Problem description.
Within the lines below, the span from the line with "Hey friends, Mike" to the line with "Do you think", both ends included, is to be reproduced exactly, with pictures omitted.

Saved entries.

##########

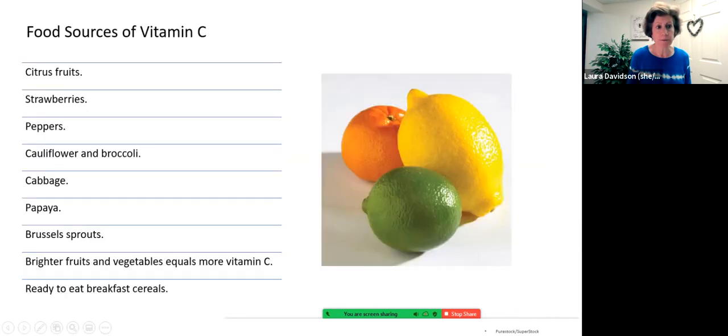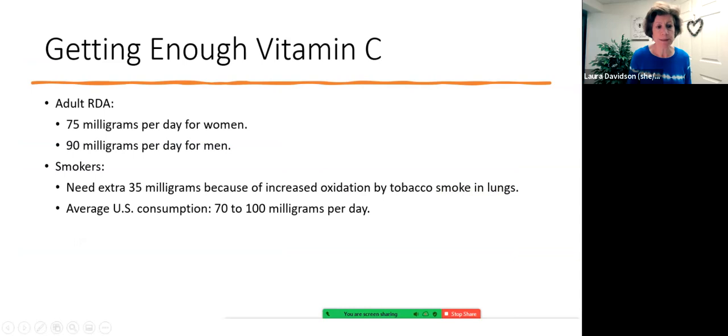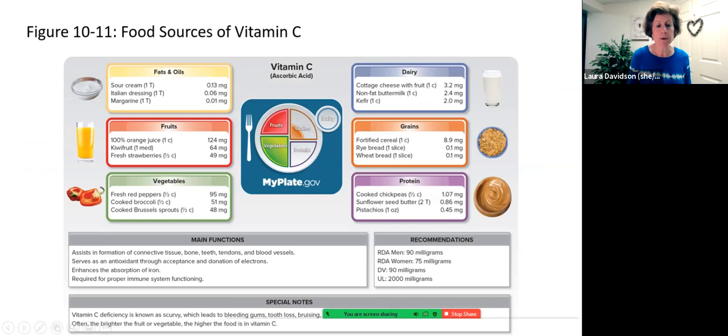If we look at the amounts in just one cup of orange juice — a small serving these days — that more than meets your vitamin C recommendation of 75 or 90 milligrams.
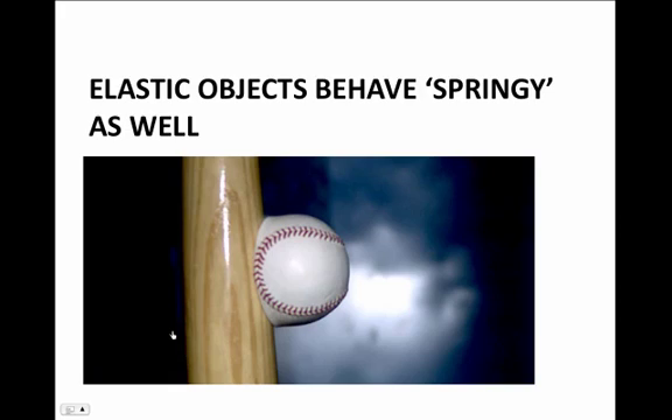But many objects in nature are elastic and have a springy-like nature to them. Even something as hard as a baseball or a baseball bat actually compresses like a spring and has a springy-like behavior, as we'll see in the following movie.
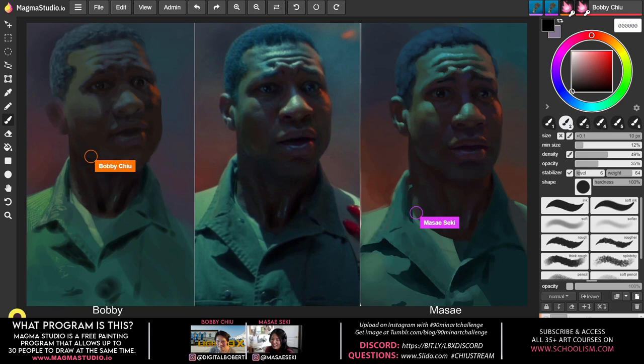Hassan writes in: 'I'm really thankful for Iris Compiet's fairy workout on Schoolism. It gave me so much confidence and also provided me a way to practice digital painting and combine what I was learning at Schoolism.' Bobby and Masei respond: that's awesome — combining the knowledge, that's so great to hear.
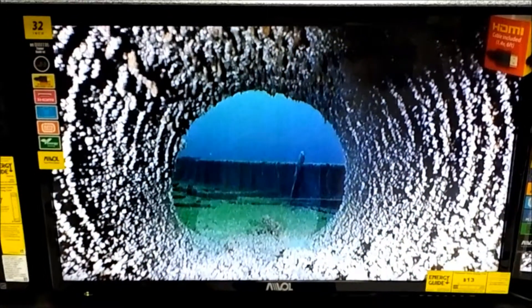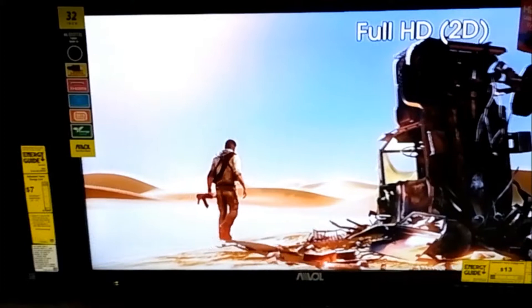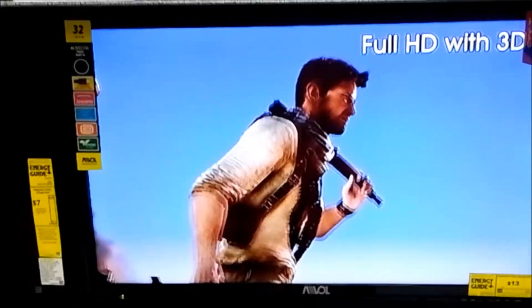It has a very good picture for the money. It has LLD technology. The resolution is 1366x768. It offers a very bright picture.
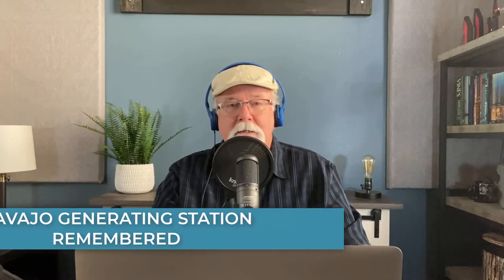Hey friends, Mike Adams here with Navajo Generating Station Remembered. Let's take a closer look at an aerial photo of the construction of NGS and see what we can glean from it.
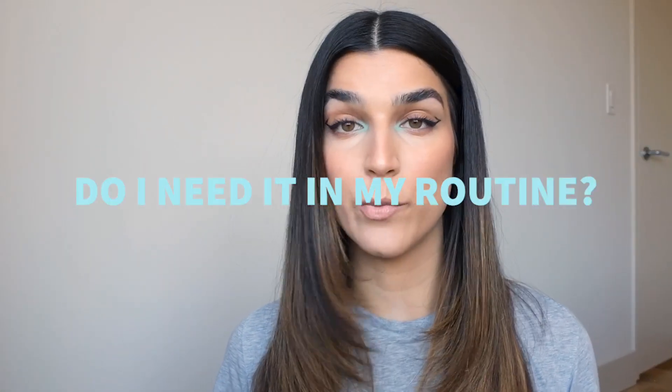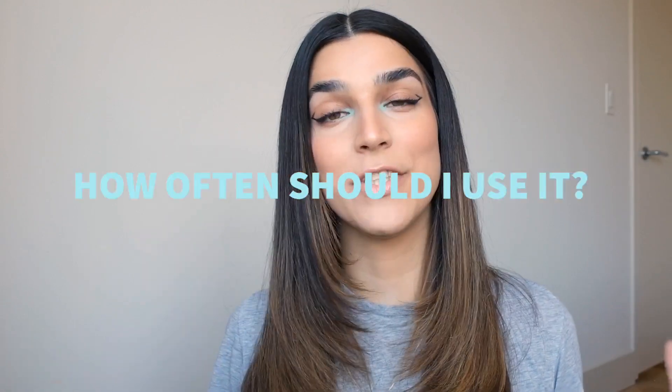The next question is: do I need AHA in my routine? I would say it's not an essential like a cleanser and SPF, but if you experience dullness, dryness, uneven skin tone, or fine lines, an AHA can definitely be a great addition to your routine. If you have issues with congested skin or clogged pores — blackheads, whiteheads, or mild to moderate acne — BHA is your best friend, so go check out episode one of this series about BHA.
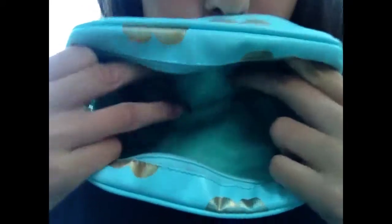Oh, I have a dirty makeup bag! That's kind of gross. Oh, and I have bobby pins!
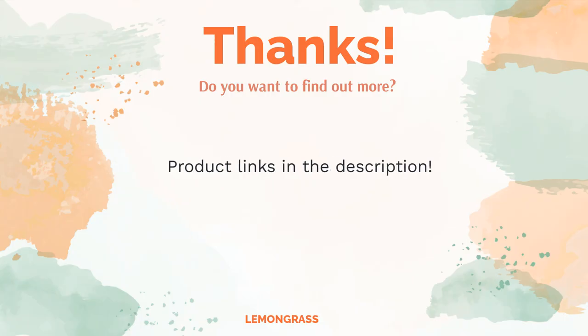Do you think this list makes sense? Leave a comment for us. You can find the product links in the description of the video. Remember to like and subscribe to the channel to keep up with the latest reviews.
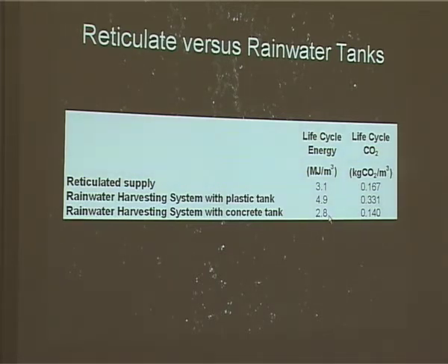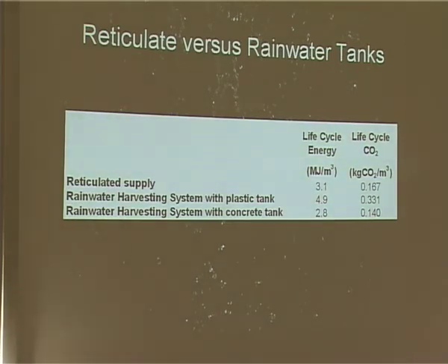Does it include the energy that the people who actually put the system in have had to expend — the food they've had to eat, the energy in creating the food and transporting it? Really, it goes forever. That's the trouble with these things — setting those boundaries. How far do you go working these things out? It also depends on the size of house and the size of tank needed. There are a number of assumptions that have to be made. But I think what we're trying to do is say these are ballpark numbers that make us think and focus more on where we need to.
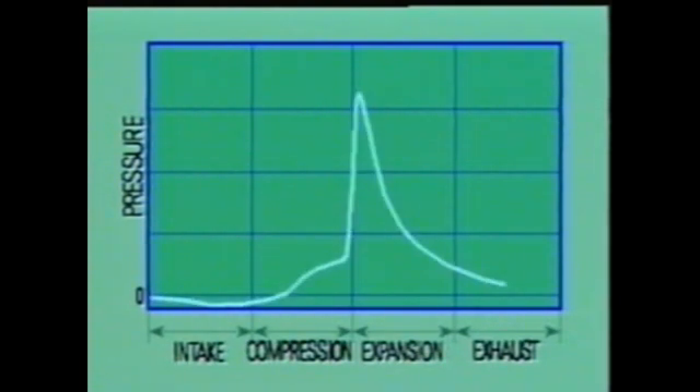This graph expresses the changes in the internal pressure of the cylinder during each stroke of the cycle. During intake, a vacuum is created in the cylinder. During compression, pressure increases slowly. At ignition, just before TDC, pressure increases suddenly, pushing the piston down hard. Then, after combustion, the pressure falls suddenly and is reduced even further during the exhaust stroke.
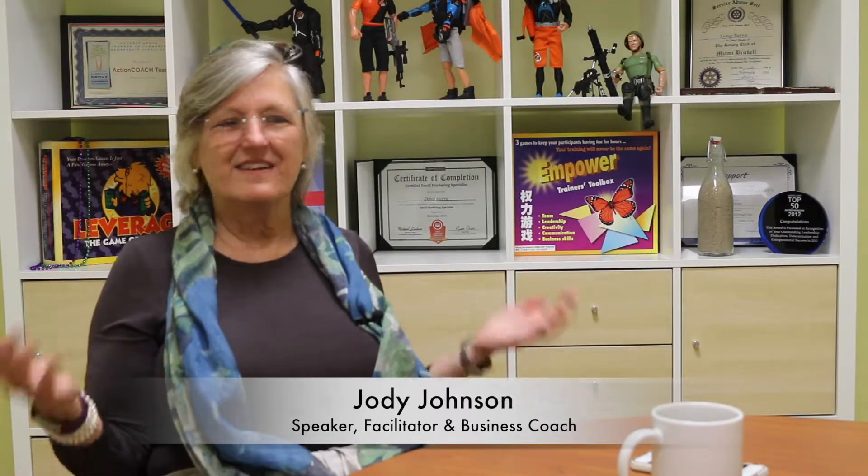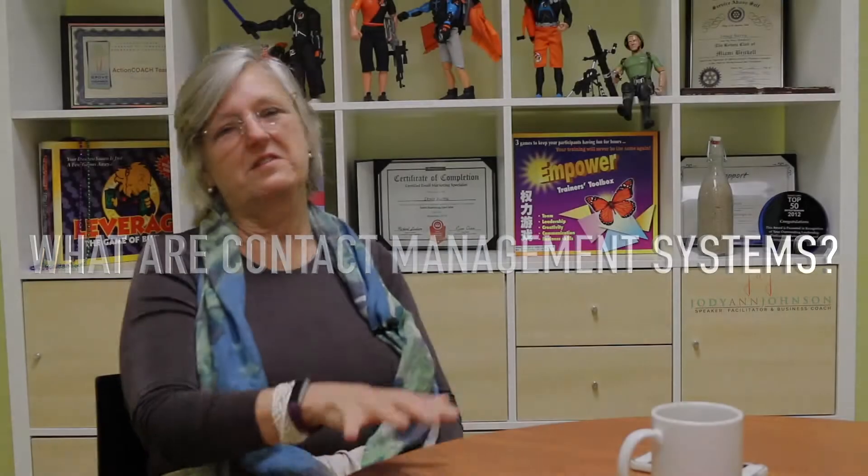I want to talk in this episode about CRMs — contact relationship management — and I got quite an odd response. However, contact management systems are one of the most important systems that you can have in your business.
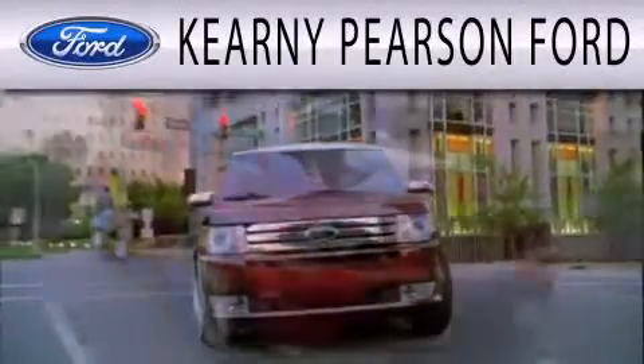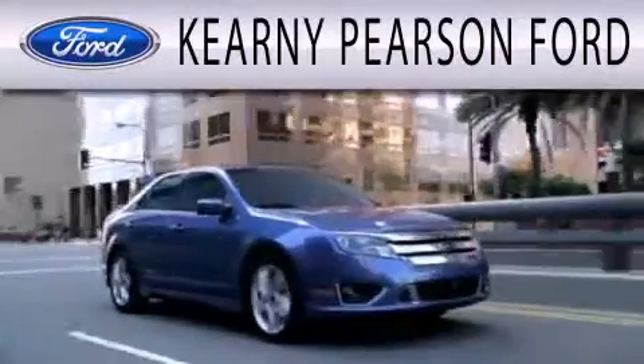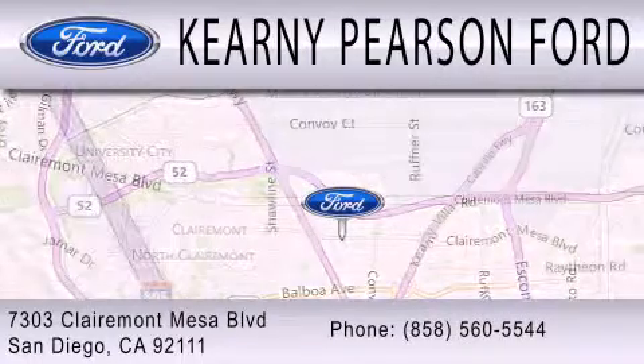Kearney Pearson Ford is dedicated to doing everything possible to ensure that the experience you have selecting your next vehicle is as pleasant as possible. We're located at 7303 Claremont Mesa Boulevard in San Diego.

##########

Solution for this task.
Hey friends, Mike Adams here with Navajo Generating Station Remembered. Let's take a closer look at an aerial photo of the construction of NGS and see what we can glean from it.
The next question is: do I need AHA in my routine? I would say it's not an essential like a cleanser and SPF, but if you experience dullness, dryness, uneven skin tone, or fine lines, an AHA can definitely be a great addition to your routine. If you have issues with congested skin or clogged pores — blackheads, whiteheads, or mild to moderate acne — BHA is your best friend, so go check out episode one of this series about BHA.
Oh, I have a dirty makeup bag! That's kind of gross. Oh, and I have bobby pins!
Do you think this list makes sense? Leave a comment for us. You can find the product links in the description of the video. Remember to like and subscribe to the channel to keep up with the latest reviews.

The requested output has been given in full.